Last night, our doe Pigeon presented us with 3 beautiful kids, 1 buckling and 2 doelings. I knew she was close because Besi, our latest mama in waiting parked herself in front of Pigeons pen yesterday afternoon and started growling off the pups when they wandered too close. She didn't even want to leave Pigeon to go eat her dinner, I had to bring it to her....I love this dedication our Spanish Mastiffs display, and feel so fortunate to have the opportunity to own such fabulous dogs! At approximately 10:30 last night Besi and I helped Pigeon welcome these three little beauties to the world.

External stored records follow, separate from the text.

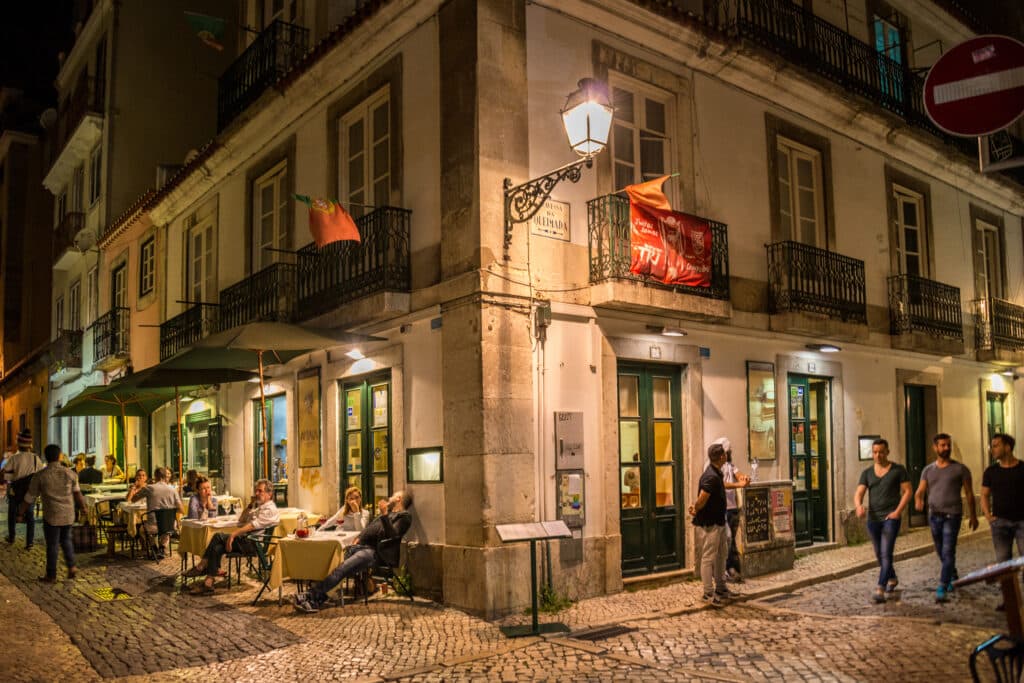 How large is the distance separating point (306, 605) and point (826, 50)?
10964mm

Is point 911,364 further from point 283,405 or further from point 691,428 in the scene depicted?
point 283,405

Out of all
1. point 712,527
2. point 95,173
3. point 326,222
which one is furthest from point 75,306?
point 712,527

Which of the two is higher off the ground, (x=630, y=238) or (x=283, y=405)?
(x=630, y=238)

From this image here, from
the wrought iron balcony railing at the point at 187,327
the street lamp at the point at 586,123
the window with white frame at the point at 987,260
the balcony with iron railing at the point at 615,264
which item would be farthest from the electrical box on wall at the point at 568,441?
the window with white frame at the point at 987,260

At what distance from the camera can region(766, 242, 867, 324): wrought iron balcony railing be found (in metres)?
11.9

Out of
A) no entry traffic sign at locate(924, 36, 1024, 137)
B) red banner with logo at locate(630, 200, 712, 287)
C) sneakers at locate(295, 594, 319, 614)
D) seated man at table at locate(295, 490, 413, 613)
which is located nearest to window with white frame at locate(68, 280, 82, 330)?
seated man at table at locate(295, 490, 413, 613)

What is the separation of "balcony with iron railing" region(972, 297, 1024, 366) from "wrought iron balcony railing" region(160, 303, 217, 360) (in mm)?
13750

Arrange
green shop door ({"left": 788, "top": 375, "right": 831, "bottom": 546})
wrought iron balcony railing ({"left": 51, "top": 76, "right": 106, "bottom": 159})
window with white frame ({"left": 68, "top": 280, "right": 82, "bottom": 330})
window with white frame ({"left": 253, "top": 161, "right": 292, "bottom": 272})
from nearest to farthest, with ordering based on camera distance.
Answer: green shop door ({"left": 788, "top": 375, "right": 831, "bottom": 546}) < window with white frame ({"left": 253, "top": 161, "right": 292, "bottom": 272}) < wrought iron balcony railing ({"left": 51, "top": 76, "right": 106, "bottom": 159}) < window with white frame ({"left": 68, "top": 280, "right": 82, "bottom": 330})

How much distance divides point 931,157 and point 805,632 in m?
10.8

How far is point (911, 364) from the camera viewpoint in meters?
14.5

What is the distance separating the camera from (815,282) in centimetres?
1240

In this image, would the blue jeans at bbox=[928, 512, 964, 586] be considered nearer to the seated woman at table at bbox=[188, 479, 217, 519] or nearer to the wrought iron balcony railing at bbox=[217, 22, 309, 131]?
the seated woman at table at bbox=[188, 479, 217, 519]

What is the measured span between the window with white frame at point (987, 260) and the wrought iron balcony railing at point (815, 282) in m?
4.82

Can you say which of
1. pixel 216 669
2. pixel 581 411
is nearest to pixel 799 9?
pixel 581 411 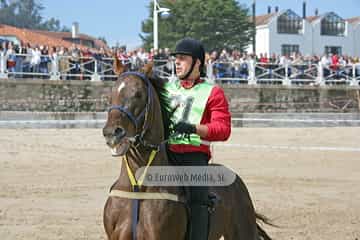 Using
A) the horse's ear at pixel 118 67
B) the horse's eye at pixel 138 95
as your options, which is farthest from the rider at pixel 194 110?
the horse's eye at pixel 138 95

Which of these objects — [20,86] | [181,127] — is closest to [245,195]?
[181,127]

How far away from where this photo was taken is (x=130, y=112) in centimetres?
482

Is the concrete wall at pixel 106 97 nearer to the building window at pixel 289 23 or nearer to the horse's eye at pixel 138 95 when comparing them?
the horse's eye at pixel 138 95

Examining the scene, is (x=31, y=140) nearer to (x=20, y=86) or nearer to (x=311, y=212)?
(x=20, y=86)

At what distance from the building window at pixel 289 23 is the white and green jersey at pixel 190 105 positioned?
250 ft

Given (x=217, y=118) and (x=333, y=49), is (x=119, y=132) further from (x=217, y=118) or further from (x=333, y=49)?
(x=333, y=49)

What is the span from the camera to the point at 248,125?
2592 cm

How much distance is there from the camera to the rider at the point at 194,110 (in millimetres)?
5480

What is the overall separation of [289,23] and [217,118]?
78050 mm

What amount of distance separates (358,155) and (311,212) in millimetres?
8838

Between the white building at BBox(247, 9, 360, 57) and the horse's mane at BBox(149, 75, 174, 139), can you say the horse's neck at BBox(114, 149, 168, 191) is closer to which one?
the horse's mane at BBox(149, 75, 174, 139)

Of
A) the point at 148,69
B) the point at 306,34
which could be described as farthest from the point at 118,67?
the point at 306,34

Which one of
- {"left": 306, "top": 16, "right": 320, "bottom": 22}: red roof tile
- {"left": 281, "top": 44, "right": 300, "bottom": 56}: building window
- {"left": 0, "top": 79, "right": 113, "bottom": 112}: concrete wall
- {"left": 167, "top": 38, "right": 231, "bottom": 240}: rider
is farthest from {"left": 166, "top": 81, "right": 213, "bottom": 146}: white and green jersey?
{"left": 306, "top": 16, "right": 320, "bottom": 22}: red roof tile

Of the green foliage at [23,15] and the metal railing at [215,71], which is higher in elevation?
the green foliage at [23,15]
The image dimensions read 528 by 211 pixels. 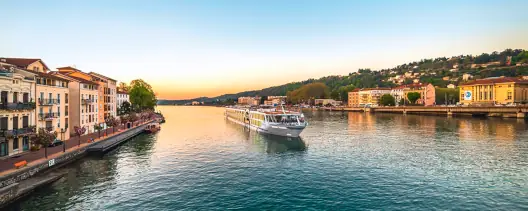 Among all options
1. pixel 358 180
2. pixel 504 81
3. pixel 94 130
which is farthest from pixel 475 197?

http://spanishmastiffs.net/2017/11/10/sometimes-we-just-have-to-show-off-baby-goats/









































https://wordpress.com/view/spanishmastiffs.net


----------



## toth boer goats (Jul 20, 2008)

Good dog.

Congrats, very cute.


----------



## ksalvagno (Oct 6, 2009)

Cuties!


----------



## SixxGoats (Feb 16, 2014)

ksalvagno said:


> Cuties!


Thank you, these are my first Nigerians in a couple of years I forgot how much fun they are


----------



## SixxGoats (Feb 16, 2014)

toth boer goats said:


> Good dog.
> 
> Congrats, very cute.


Thanks, she really is a good girl I'm pretty excited about the new babies too!


----------



## Suzanne_Tyler (Jul 19, 2014)

That is great!! Congrats on the kids, they are adorable


----------



## groovyoldlady (Jul 21, 2011)

They. Are. ADORABLE! Congratulations!

I don't have a dog, but I have a goat who growls. ;-)


----------



## SixxGoats (Feb 16, 2014)

I want a goat who growls!!!


----------



## SixxGoats (Feb 16, 2014)

Suzanne_Tyler said:


> That is great!! Congrats on the kids, they are adorable


Thank you


----------



## SalteyLove (Jun 18, 2011)

Besi is beautiful!

I have a doe named Pigeon too! People are always chuckling at me for naming goats after animals or foods or cities but I love it! Our Pigeon is a long yearling boer who is being bred now for April kids. I wish I had a photo to share of her!


----------



## SixxGoats (Feb 16, 2014)

SalteyLove said:


> Besi is beautiful!
> 
> I have a doe named Pigeon too! People are always chuckling at me for naming goats after animals or foods or cities but I love it! Our Pigeon is a long yearling boer who is being bred now for April kids. I wish I had a photo to share of her!


I would love to see your Pigeon! I have Nigerians and Nubians, but I am pretty much in love with Boers too...actually I just like goats. I'm the same way with LGD breeds, I love them all. I chose Spanish Mastiffs after owning Great Pyrenees, Anatolian and Maremmas crosses on Spanish Mastiffs and Pyrenean Mastiffs. The pure bred SMs were just a perfect fit.


----------